== What this task involves ==
Please copy out the entries until you have copied the line that contains "Red and White", beginning with the first line.

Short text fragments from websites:
---------------

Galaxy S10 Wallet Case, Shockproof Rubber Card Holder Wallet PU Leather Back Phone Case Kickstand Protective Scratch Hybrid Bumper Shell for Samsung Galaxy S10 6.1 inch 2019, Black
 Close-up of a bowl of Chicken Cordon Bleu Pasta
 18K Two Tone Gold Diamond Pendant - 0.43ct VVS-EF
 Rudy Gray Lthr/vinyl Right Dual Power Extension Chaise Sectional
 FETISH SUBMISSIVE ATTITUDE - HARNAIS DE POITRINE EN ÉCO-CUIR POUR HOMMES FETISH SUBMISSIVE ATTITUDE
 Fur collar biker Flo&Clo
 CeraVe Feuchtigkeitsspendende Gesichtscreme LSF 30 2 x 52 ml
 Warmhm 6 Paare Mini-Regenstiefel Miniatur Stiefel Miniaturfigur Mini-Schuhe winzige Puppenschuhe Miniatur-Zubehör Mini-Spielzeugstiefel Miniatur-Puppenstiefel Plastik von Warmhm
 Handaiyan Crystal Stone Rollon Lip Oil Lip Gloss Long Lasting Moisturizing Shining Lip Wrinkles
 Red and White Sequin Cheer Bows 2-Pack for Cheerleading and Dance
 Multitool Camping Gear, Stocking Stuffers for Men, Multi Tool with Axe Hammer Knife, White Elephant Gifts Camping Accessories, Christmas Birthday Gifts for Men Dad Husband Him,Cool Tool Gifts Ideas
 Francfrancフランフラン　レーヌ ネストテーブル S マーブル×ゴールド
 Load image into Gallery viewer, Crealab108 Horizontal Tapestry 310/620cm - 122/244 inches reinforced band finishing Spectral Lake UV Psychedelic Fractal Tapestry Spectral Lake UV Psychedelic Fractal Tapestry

---------------

== Solution to this problem ==
Galaxy S10 Wallet Case, Shockproof Rubber Card Holder Wallet PU Leather Back Phone Case Kickstand Protective Scratch Hybrid Bumper Shell for Samsung Galaxy S10 6.1 inch 2019, Black
 Close-up of a bowl of Chicken Cordon Bleu Pasta
 18K Two Tone Gold Diamond Pendant - 0.43ct VVS-EF
 Rudy Gray Lthr/vinyl Right Dual Power Extension Chaise Sectional
 FETISH SUBMISSIVE ATTITUDE - HARNAIS DE POITRINE EN ÉCO-CUIR POUR HOMMES FETISH SUBMISSIVE ATTITUDE
 Fur collar biker Flo&Clo
 CeraVe Feuchtigkeitsspendende Gesichtscreme LSF 30 2 x 52 ml
 Warmhm 6 Paare Mini-Regenstiefel Miniatur Stiefel Miniaturfigur Mini-Schuhe winzige Puppenschuhe Miniatur-Zubehör Mini-Spielzeugstiefel Miniatur-Puppenstiefel Plastik von Warmhm
 Handaiyan Crystal Stone Rollon Lip Oil Lip Gloss Long Lasting Moisturizing Shining Lip Wrinkles
 Red and White Sequin Cheer Bows 2-Pack for Cheerleading and Dance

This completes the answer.